▶ [SUPPLIED INFORMATION]:
=-=-=
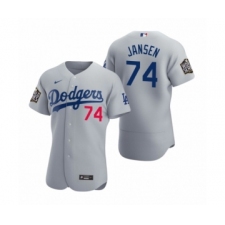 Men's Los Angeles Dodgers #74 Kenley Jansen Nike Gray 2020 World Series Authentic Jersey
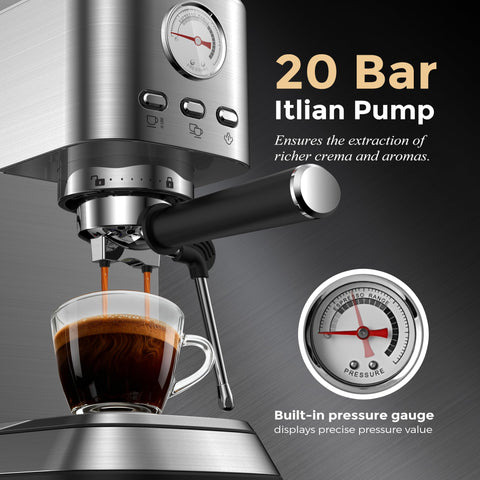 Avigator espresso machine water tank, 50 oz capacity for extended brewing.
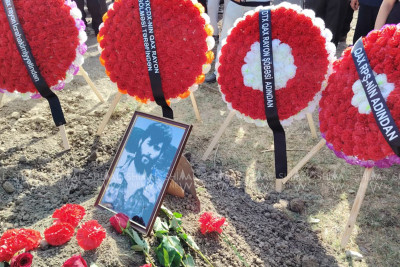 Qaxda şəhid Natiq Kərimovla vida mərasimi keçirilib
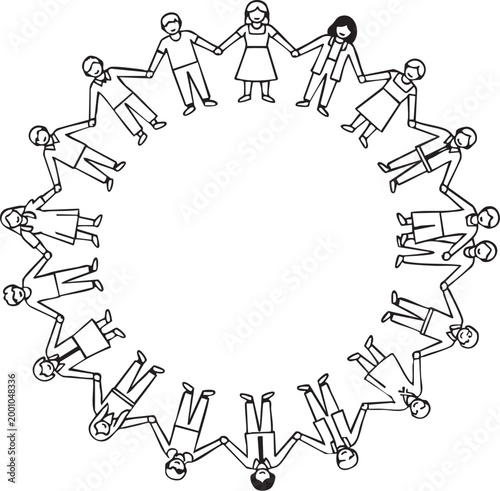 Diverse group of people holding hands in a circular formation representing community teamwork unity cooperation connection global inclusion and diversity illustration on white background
=-=-=
▶ [YOUR ASSIGNMENT]: All of the material shown above needs to be duplicated exactly. Omit every picture.

▶ [SOLUTION TO THE EXERCISE]:
 Men's Los Angeles Dodgers #74 Kenley Jansen Nike Gray 2020 World Series Authentic Jersey
 Avigator espresso machine water tank, 50 oz capacity for extended brewing.
 Qaxda şəhid Natiq Kərimovla vida mərasimi keçirilib
 Diverse group of people holding hands in a circular formation representing community teamwork unity cooperation connection global inclusion and diversity illustration on white background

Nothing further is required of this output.